Automate Exporting to Excel Reports

Summary

This tutorial walks you through the process of automating the task of exporting query results to simple Excel reports. You will create three different, and very useful, simple Excel reports.

In this tutorial you will learn:

  • How to use Automation to export query results to Excel
  • How to use the Select to File activity in Automation
  • How to automate an Excel report that appends a new worksheet with each execution
  • How to automate an Excel report that uses multiple queries to produce multiple worksheets

Introduction

After creating a result set in Toad, you may need to send the results to your end users. The easiest way to create a report containing query results is to export the data to an Excel file by right-clicking the data grid and selecting Quick Export | File | Excel File. This action creates a basic Excel spreadsheet containing the result set from the data grid.

If you want to create more than a basic spreadsheet and automate the process, Toad Automation helps you build a variety of Excel reports, from simple worksheets to complex and attractive Excel reports.

In this introduction to automating Excel reports, you will learn how to automate the process of exporting data to a variety of simple Excel reports.

Note: To learn how to get started with Automation, see Getting Started with Automation.

Create a Simple Excel Report

  1. Select Tools | Automation.
  2. Click the Select to File activity in the Database Activities pane of the Toolbox, or drag the activity from the Toolbox to the Automation design window.

  3. When the Select to File activity is selected in the design window, the Activity Input tab displays. Select a database connection in the first text box or use the default (the default is the currently-active open connection).
  4. Then select a SQL file or enter a SQL statement using one of the following methods:
    • Manually enter a SQL statement in the editor (deselect the Link SQL file option).
    • Click to browse to and select a SQL file.
    • Select Link SQL file, then click to browse to and select a SQL file.
    • Click to open the SQL file (you previously selected) in an editor where you can modify the SQL.
    • Select Link SQL file, then click the drop-down list to select a file from the currently open project in the Project Manager.
  5. Select Excel in the Type field in the Export to File section.
  6. Click in the Name field to select a location and enter a name for your new Excel file, or you can select an existing file.

    Note: To specify more-detailed options for the Excel file, click the Export options button. See Specify Excel Export Options.

  7. (Optional) You can choose to create a unique file by adding a suffix. In the suffix field, click the drop-down to select a datetime stamp, or click to build an expression.
  8. Select Overwrite if you want to overwrite the file.

    Note: If you did not add a suffix, you can deselect Overwrite to append a new worksheet to the Excel file with each script execution.

  9. To save your Automation script, click in the Automation toolbar. Then select a location and file name for your script.
  10. To test your script, click in the Automation toolbar.
  11. After the script executes, the Log tab displays.

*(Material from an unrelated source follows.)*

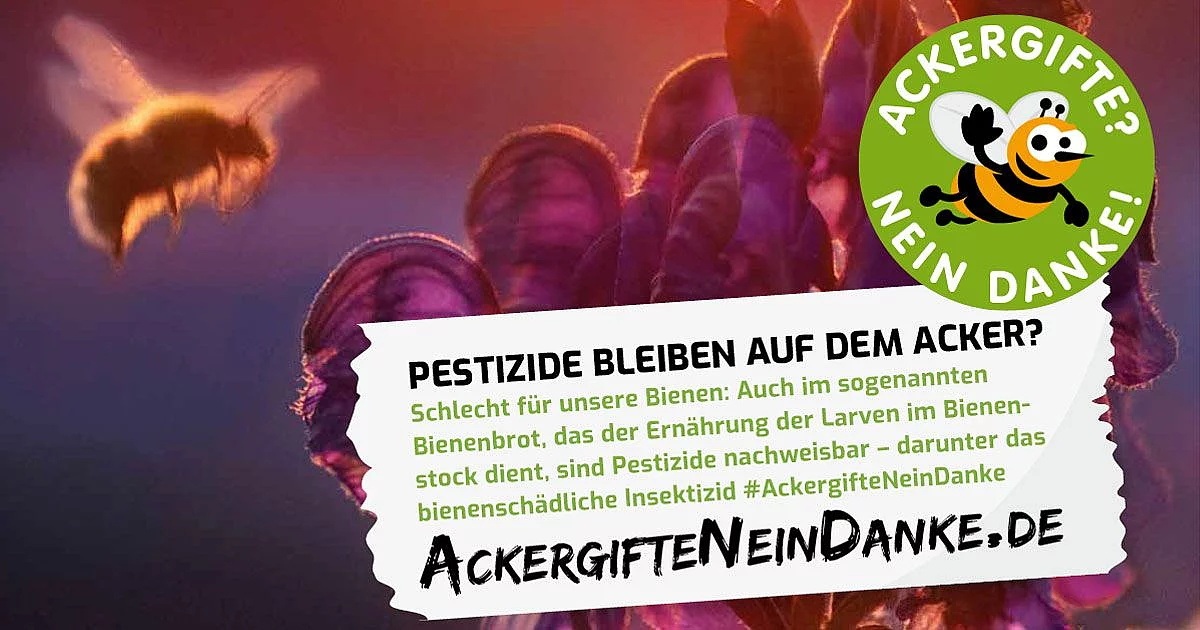 Eine Biene fliegt in der Abenddämmerung zu einer Blüte. Mit Text: Pestizide bleiben auf dem Acker?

Click the hyperlink in the Log to view the Excel file.
  12. To learn how to schedule your Automation script, see Schedule Your Script.

That was simple, wasn't it. Now move on to the next example to learn how to create a slightly more complex Excel report.

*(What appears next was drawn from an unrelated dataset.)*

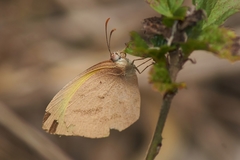 Eurema herla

Create a Multi-Page Excel Report Using One Query

Suppose you want to create a new report each week from the same query while retaining the previous week’s results. In this case, you want to append each week’s results as a new worksheet to a single Excel file. This is an excellent option if you want to compare the results each week (or each day, month, etc.) to see how the data is changing. (And Toad has several data compare features in the application to let you do that.)

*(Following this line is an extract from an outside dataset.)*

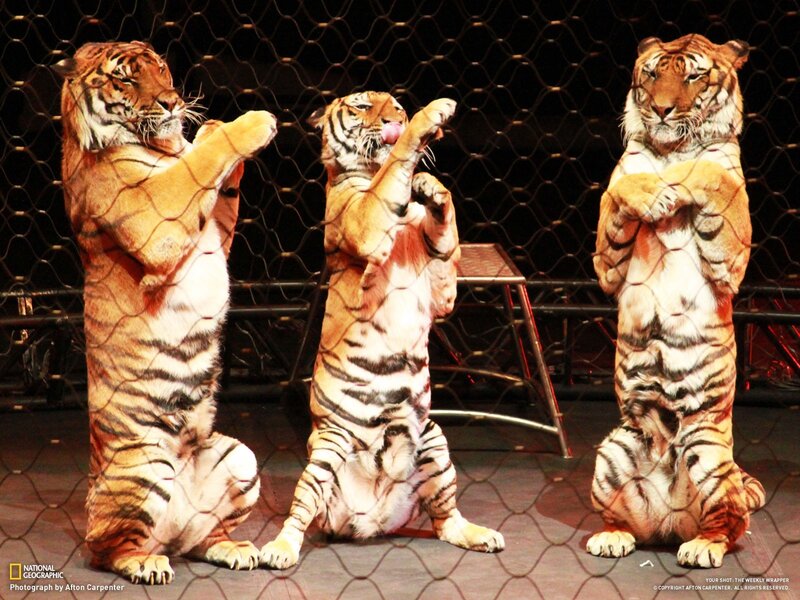 Three tigers performing in a circus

  1. Select Tools | Automation to open a new Automation window.
  2. Click the Select to File activity in the Toolbox to add it to the Automation design window.
  3. Select a database connection.
  4. Select a SQL file or enter a SQL statement using one of the methods described in the first example.
  5. Select Excel in the Type field in the Export to File section.
  6. In the Name field, click to select a location and enter a name for your file.
  7. Leave the suffix field blank (adding a date/time suffix could create a new file with each script execution and this is not the objective of this example).
  8. Deselect Overwrite (you do not want to overwrite the file).
  9. Now click Export options. The Export options dialog opens.
  10. In the Worksheet name field, enter a name to be used as the base worksheet name.
  11. Select Append timestamp to named worksheet. This will append the date and time (that the data was exported) to the base worksheet name. Click OK to save your settings and close the dialog.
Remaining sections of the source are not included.